Letter of intent


What is the ideal time to announce your next step from High school to college in baseball. Assuming of course, your sought after. I am seeing many kids sign before senior seasons. What are the different variables? If highly sought after should you not try for the draft, or is it like football when you declare for the draft you become ineligible for college? Speaking as a parent to guide my kid


You can’t sign a Letter of Intent until November of your senior season (actually this week).

You can verbal at any time. The ideal time is when you’ve gotten the right offer from a school that wants you and where you want to go for your education and play baseball. My kid committed in the summer after his sophomore year, because the right school offered. There’s no magic answer.

There is no declaring for the draft in HS. Teams draft you if they want you, in June of your senior year. You then have a choice, go pro or go to college. You don’t have a choice before then or have to give up college eligibility to be drafted.


Advice so far should be very helpful. I’d like to add just a slight bit of thinking to the process.
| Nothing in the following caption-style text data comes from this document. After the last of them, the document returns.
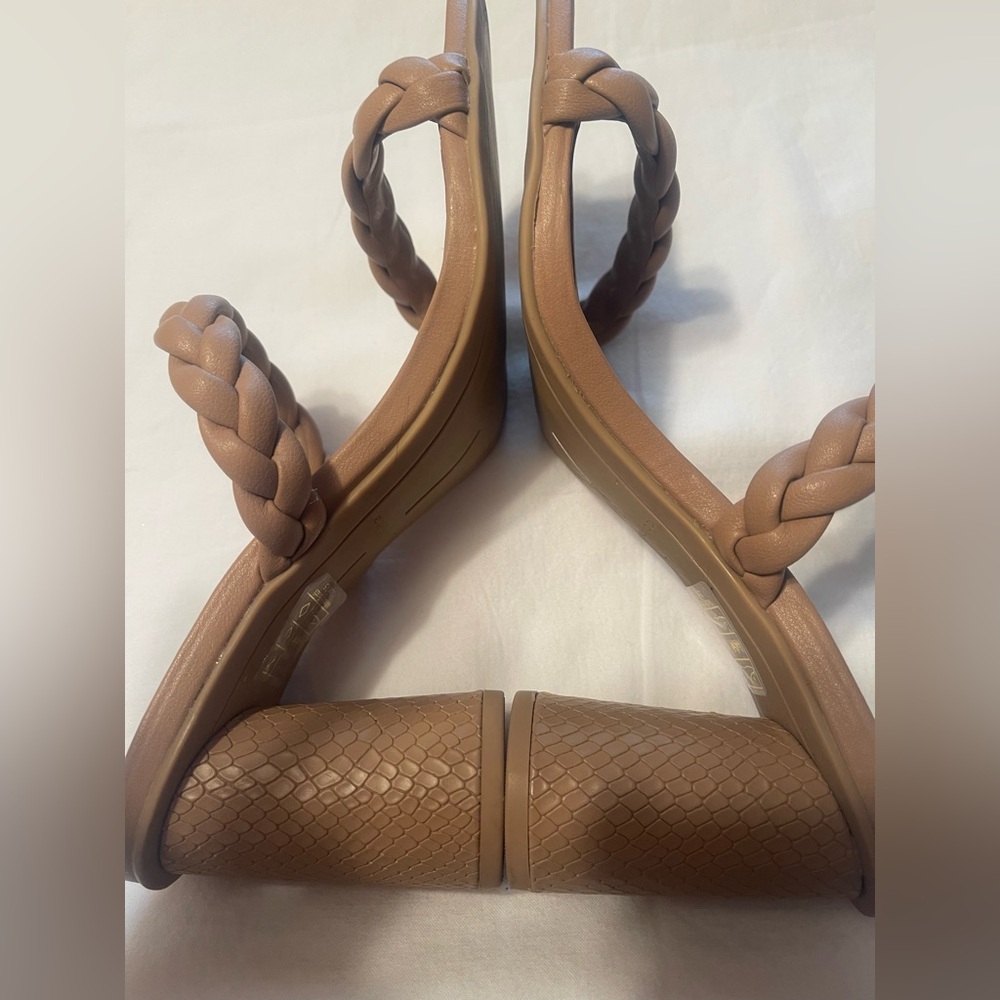 Dolce vita . Braided Tan Sandals - Picture 7 of 8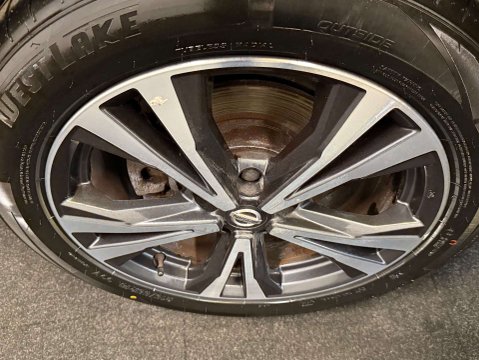 Nissan Qashqai 1.3 Qashqai N-Connecta DiG-T 5dr 41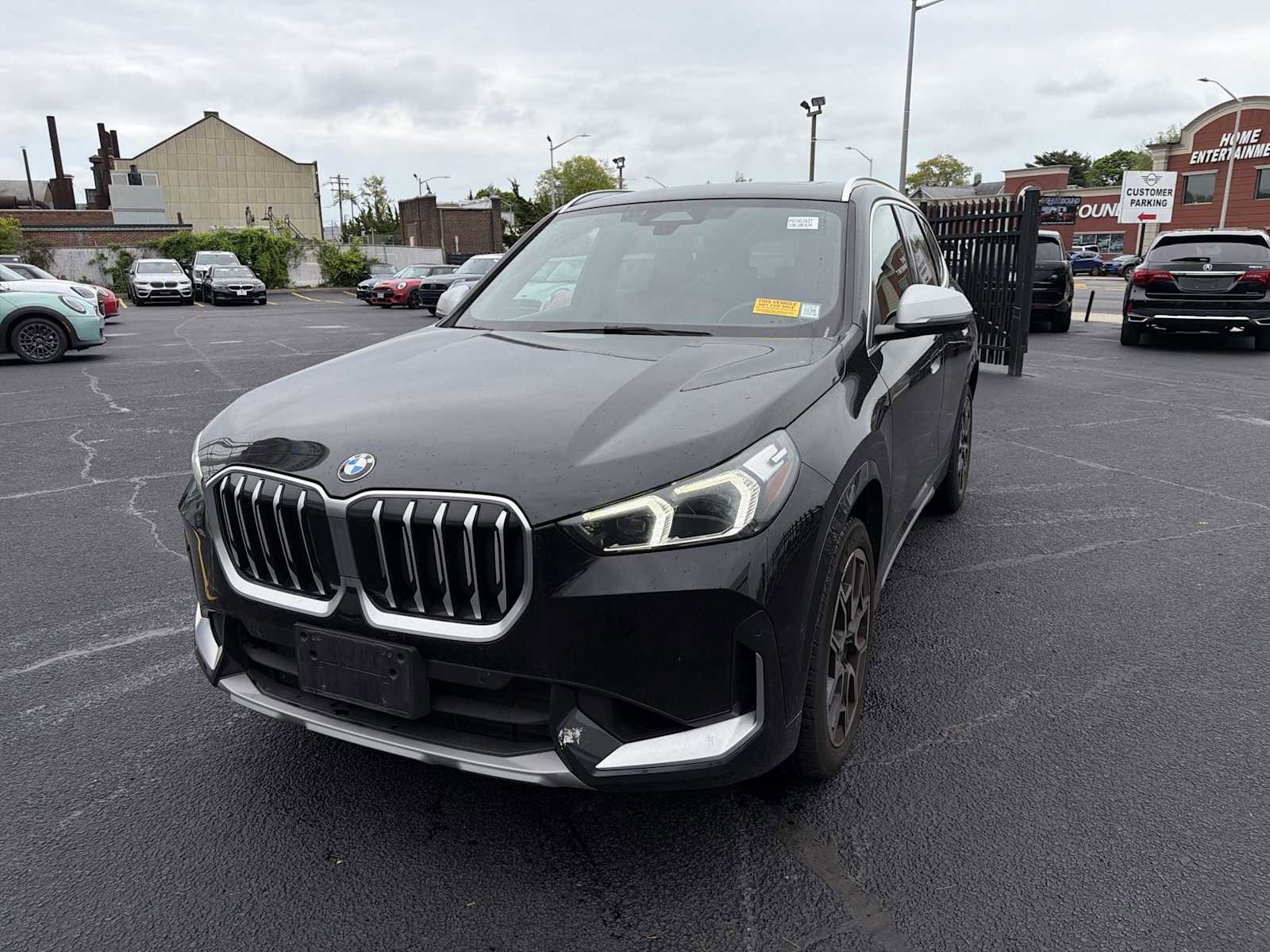 Certified 2023 BMW X1 xDrive28i w/ Convenience Package AWD/4WD image 3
This subject is like a slam-bam to consider. Like going into a black hole and guessing how things will turn out coming out of said hole. So, I would suggest considering yourself, your son/daughter, both of you, like a marketing strategy for a new product or service. And like any marketing strategy, someone has to want “it” because of an added value to whatever it is the buyer sees filling.

Ask yourselves these questions:

do you know who and what the potential buyer is - college, university, placement group, etc.?
do you have the background on who and what this buyer has attracted in the past?
are your credentials the same, or better, as those holding roster spots currently?
are you placing a “fair” value on yourskills to be truly sought after?
can you distinguish between just being a number, or are you really being sought after for your talent?
have you reviewed the turnover of players that stay with the institution(s) interested in you?
are the institutions interested in you in an area that has a bumper crop of talent - if so, why contact you?
are rosters made up of those players within a fifty (50) mile radius of those institutions contacting you?

Also, are you considering yourself marketable? Are you thinking … “wow, someone wants me to pay ball!” Well, don’t think that way. Why? If you’re good enough to be contacted, someone must see something in you that is needed and wanted. Going into a “contact” with someone(s) that gives you the attitude of… “we’ve got plenty of kids that apply here,” is probably right, BUT, that should tell you how little they, and others, think about the follow up to purpose for contacting you.

Don’t act smug or full-of-it. Just be mindful that contacts have a purpose behind them. You and the party(s) that your corresponding with should be on equal footing and see each other at eye level, not one look up or down at each other.

One last thing, if you really have the talent that is wanted and recognized, keep your thoughts and expressions to yourself. Being known that you’re considering a particular choice over all others can narrow your future prospects. I personally have seen this dash the hopes and good intentions of a lot of eligible talent.

My sincere best wishes with your baseball experience.

Coach B.


Not too long ago I was in your shoes. I can tell you from experience that you and your son are in for some of the biggest high’s and lows emotionaly. I wrote a post not too long ago that you might want to read “ I’d like to offer some help, been there did it done it “ it kinda highlights in a nut shell our experience.
My best advice though, be patient! Don’t just jump on a offer because it’s there. My son never committed till the summer following his senior year in high school because of he wanted to make sure he/we looked at all options. Make sure the school and program is what he’s looking for. In the post I wrote that my son was recruited by a very good D1 program, but it just wasn’t the right fit for my son at the time.